Copy out all the data, word for word.

* DATA EXCERPT
*** Block opens ***
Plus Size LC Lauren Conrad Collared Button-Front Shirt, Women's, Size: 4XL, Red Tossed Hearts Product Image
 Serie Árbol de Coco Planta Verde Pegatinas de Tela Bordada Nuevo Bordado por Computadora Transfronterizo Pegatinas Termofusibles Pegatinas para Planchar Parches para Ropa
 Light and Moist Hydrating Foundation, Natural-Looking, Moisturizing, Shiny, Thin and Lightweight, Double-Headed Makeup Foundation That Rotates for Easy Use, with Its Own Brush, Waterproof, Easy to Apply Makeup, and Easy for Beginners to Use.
*** Block closes ***
* EXERCISE ANSWER
Plus Size LC Lauren Conrad Collared Button-Front Shirt, Women's, Size: 4XL, Red Tossed Hearts Product Image
 Serie Árbol de Coco Planta Verde Pegatinas de Tela Bordada Nuevo Bordado por Computadora Transfronterizo Pegatinas Termofusibles Pegatinas para Planchar Parches para Ropa
 Light and Moist Hydrating Foundation, Natural-Looking, Moisturizing, Shiny, Thin and Lightweight, Double-Headed Makeup Foundation That Rotates for Easy Use, with Its Own Brush, Waterproof, Easy to Apply Makeup, and Easy for Beginners to Use.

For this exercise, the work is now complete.